Four children he tells me, holding up fingers. She's the youngest. His is a sociable occupation and he is witness to all the comings and goings of Old Fort Road. A cow wanders past chewing on a cardboard box. Further down the hill a girl mounts a bike for the first time and careers down the slope for a few metres before she falls off, shrieking with laughter despite the whizzing cars that threaten disaster for a novice cyclist. Up the road there's a commotion. Glass shatters as a pane breaks in a Tibetan curio shop. A crowd gathers and I wander up. There's shouting inside the shop, the sounds of a scuffle. Eventually a thickset Ladakhi man emerges with his T-shirt in tatters, blood smeared across his back, mouth red with the stuff. He addresses the crowd, looking for supporters. Another man emerges from the shop and pulls down the metal shutters, shop closed. Two women police officers are enforcing the one-way rule at a traffic barrier just up the road but show no sign of interfering.

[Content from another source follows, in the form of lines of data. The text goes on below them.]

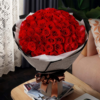 99 Red Roses Bouquet | Luxury True Devotion Floral Gift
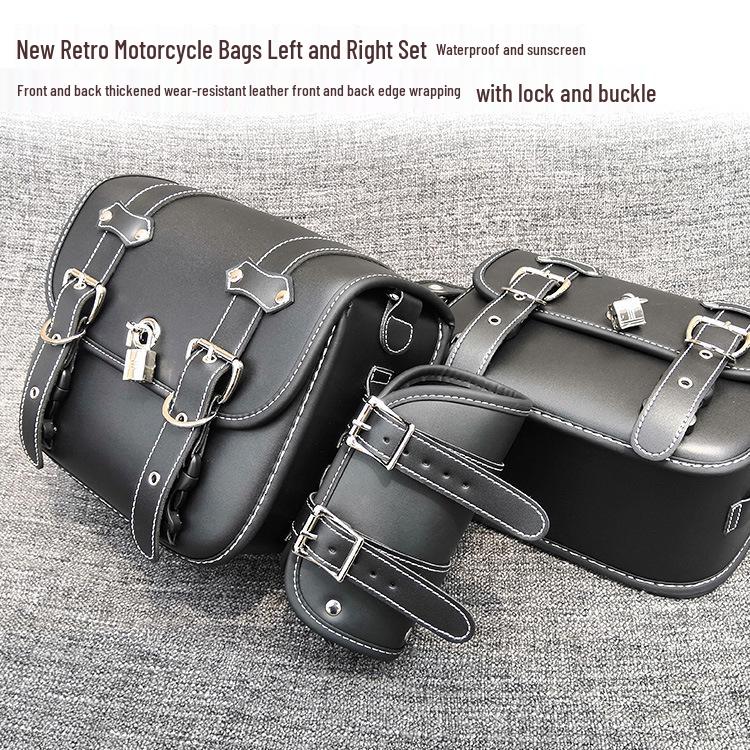 Quick Release Side Pannier Rack for Loncin VOGE Wuji 300AC/500AC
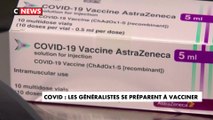 Covid : les généralistes se préparent à vacciner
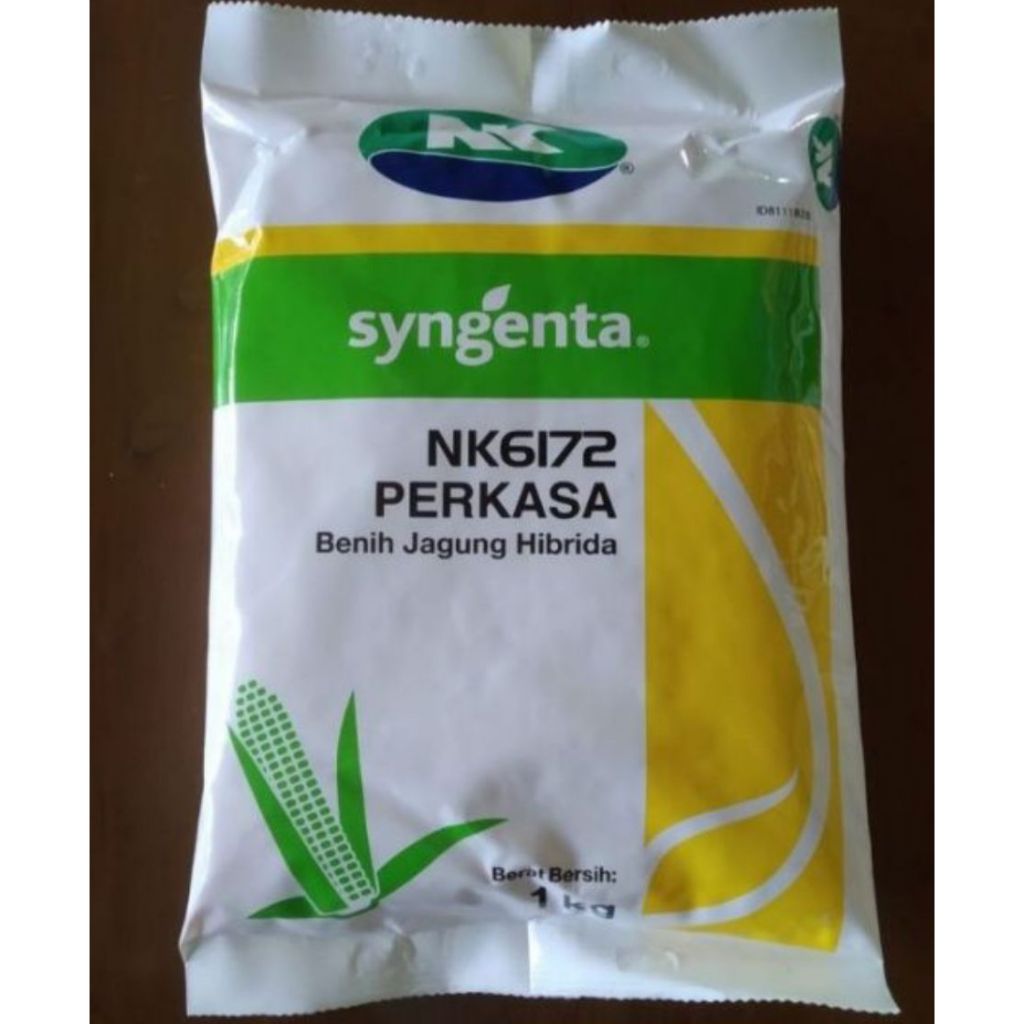 benih JAGUNG HIBRIDA NK 6172 PERKASA 1KG #bibit jagung#jagung perkasa#bibit nk perkasa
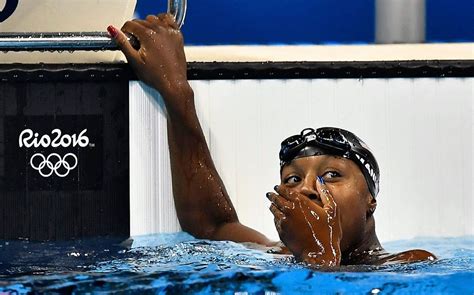 Rio 2016 Simone Manuel Becomes 1st African American Woman To Win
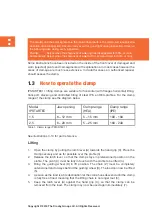 Preview for 8 page of Crosby IP IPSTARTEC11 User Manual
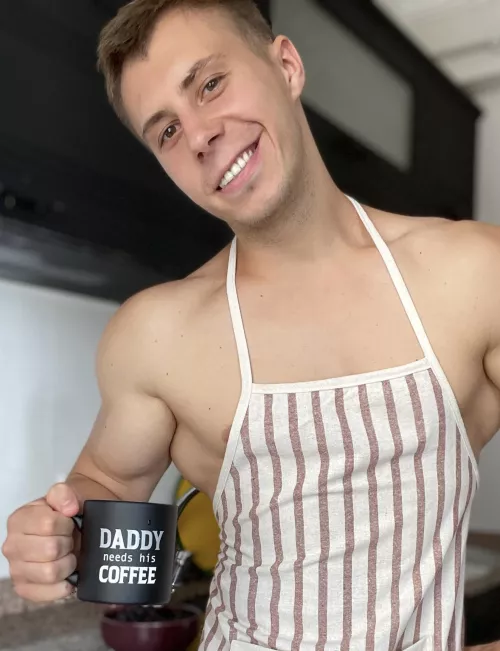 The mug seems to hint😛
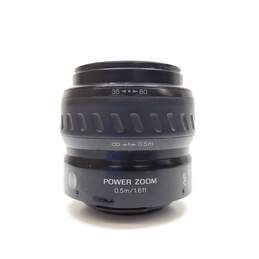 Minolta MAXXUM AF PZ 35-80mm f/4-5.6 | Zoom Lens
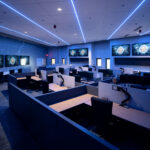 Interior view of the St. Louis County Precinct 2 mission critical area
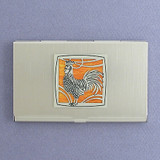 Rooster Business Card Holders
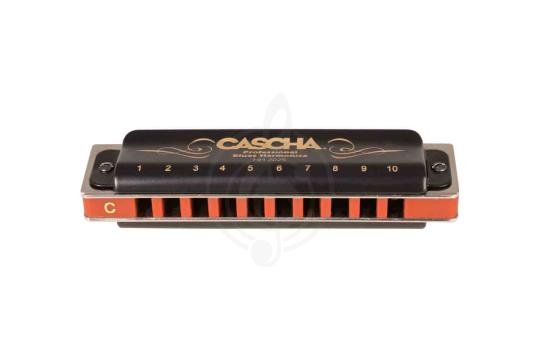 Диатоническая губная гармошка Cascha HH-2025 Professional Blues C - Губная гармошка, Cascha HH-2025 в магазине Доминанта мьюзик - фото 5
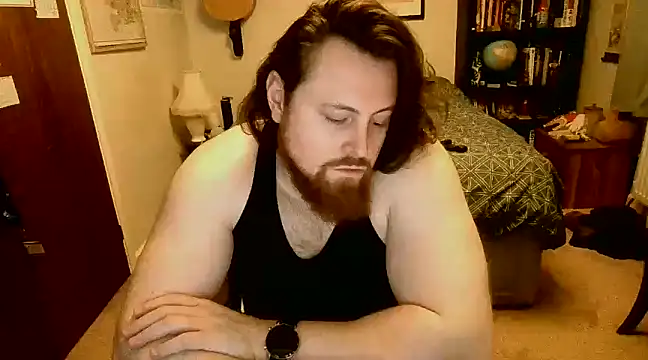 Snapshot of Hairy_Guy30 chatting on February 8, 2025, 7:27 pm Hairy Guy30 online show from February 8, 2025, 7:27 pm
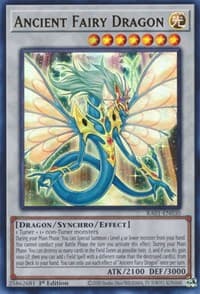 Ancient Fairy Dragon (UR): 25th Anniversary Rarity Collection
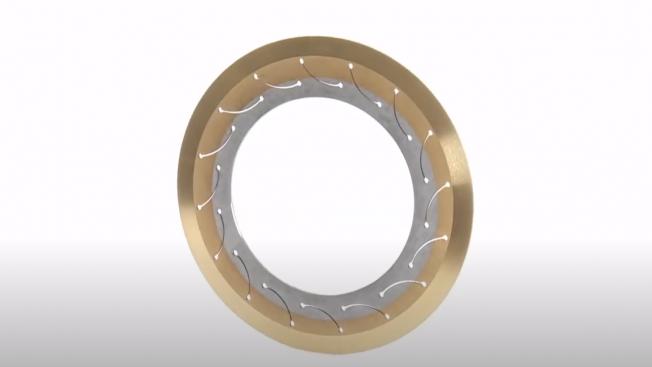 DIENES – Golden Slit Messer für Schmalschnitt (V47)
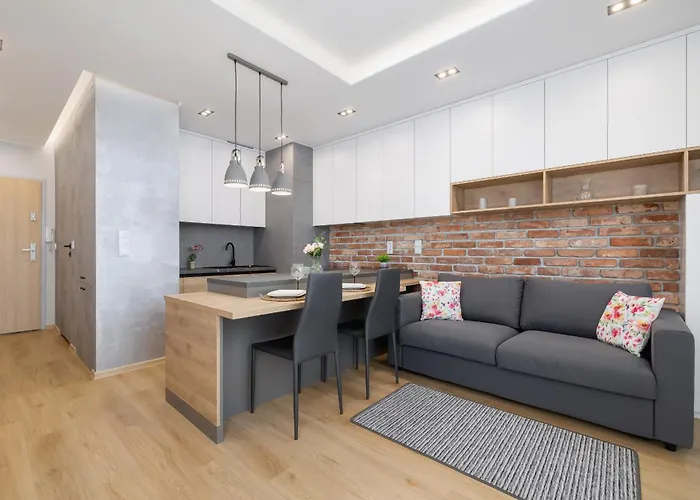 דירה Mogilska With Parking Near Tauron Arena By Renters *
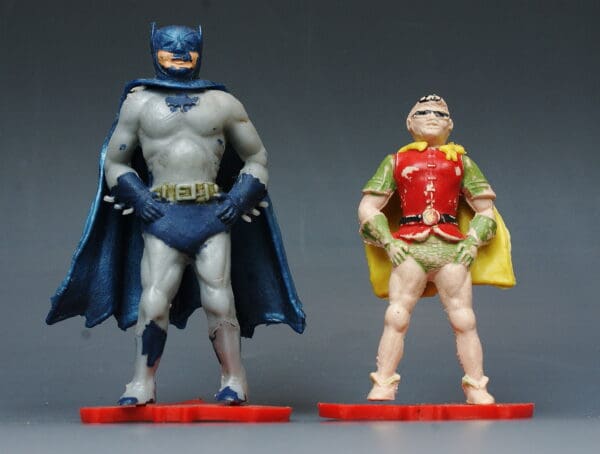 Cherilea Batman & Robin (with Cape) from TV Series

When I return the cobbler has finished cleaning and blacking my boots and now he's applying a white paste, all natural he tells me, and buffing them until they gleam like new. The price is 150 rupees, $3. I tip him another dollar. "Jule, jule," thanks, he says. He's going to have a good day, but then it's a short season when the tourists are around, before bitter winter catches Ladakh by the throat, and he has to make hay while the sun shines.